Si tout le film repose sur ce moment, ce qui intéresse et qui transporte, c’est cette rage permanente de Stoker qui se bat contre son adversaire autant que contre lui-même. Tiraillé entre son devoir par rapport à ce match truqué et son estime de soi, il va livrer une prestation exceptionnelle où on vibre autant que lui à chaque coup reçu et donné. Les tribulations de Julie à travers la ville sont très intéressantes car elles dénotent complètement avec la boxe ; le silence pèse sur elle et son attente rend le temps inestimable. Elle est seule et se noie dans une errance très superficielle pour se détacher de ses doutes. Quel homme sera-t-il après ça ?
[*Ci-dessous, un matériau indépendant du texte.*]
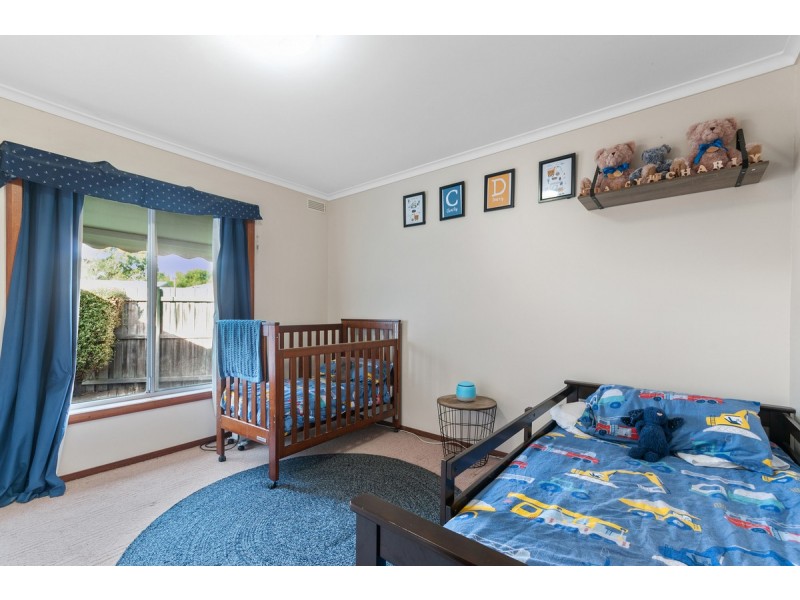 15 Ferndale Parade, Lakes Entrance VIC 3909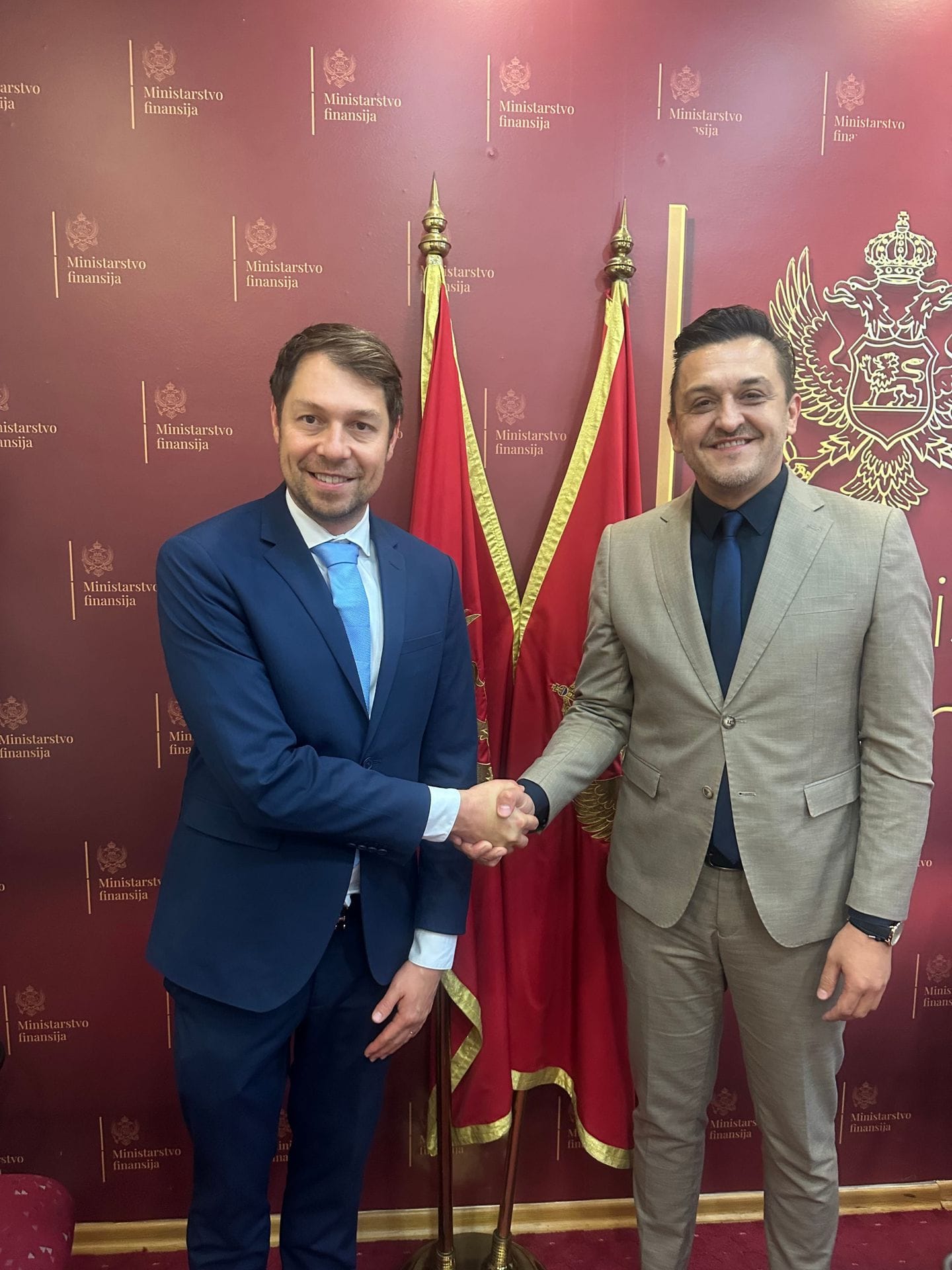 gallery.media[0].alt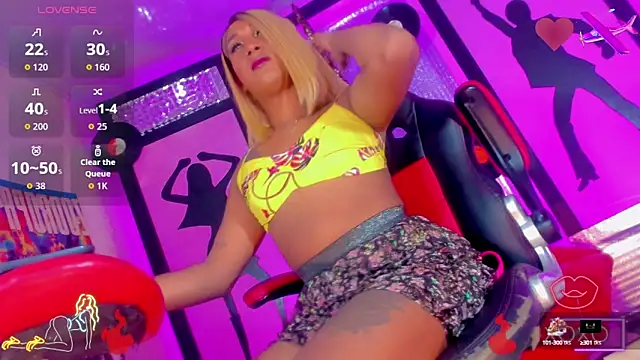 Snapshot of Alondra_Campbell chatting on September 2025 03:19:02 AM Alondra Campbell online show from September 2025 03:19:02 AM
Wise joue beaucoup sur le noir et blanc, notamment dans la dernière partie du film, dernier affrontement entre Stoker et ses responsabilités. Il est aussi assez étonnant d'observer que le film se déroule en temps réel, une idée très intelligente qui donne au contenu un sentiment de réalisme supplémentaire. Je conseille ce film sombre et tendu à tous les amateurs de cinéma, car il s’agit là d’un moment court mais qui ne s’oublie pas. Il y a beaucoup d’espoir dans ce film.
Entre «Dreamland» et Paradise city», le rêve prend forme et s’évapore au même endroit. Un bel endroit pour eux.
(Un merci à Docteur_Jivago pour la découverte, même si j'ai fait ça dans son dos, ouh le coquin.)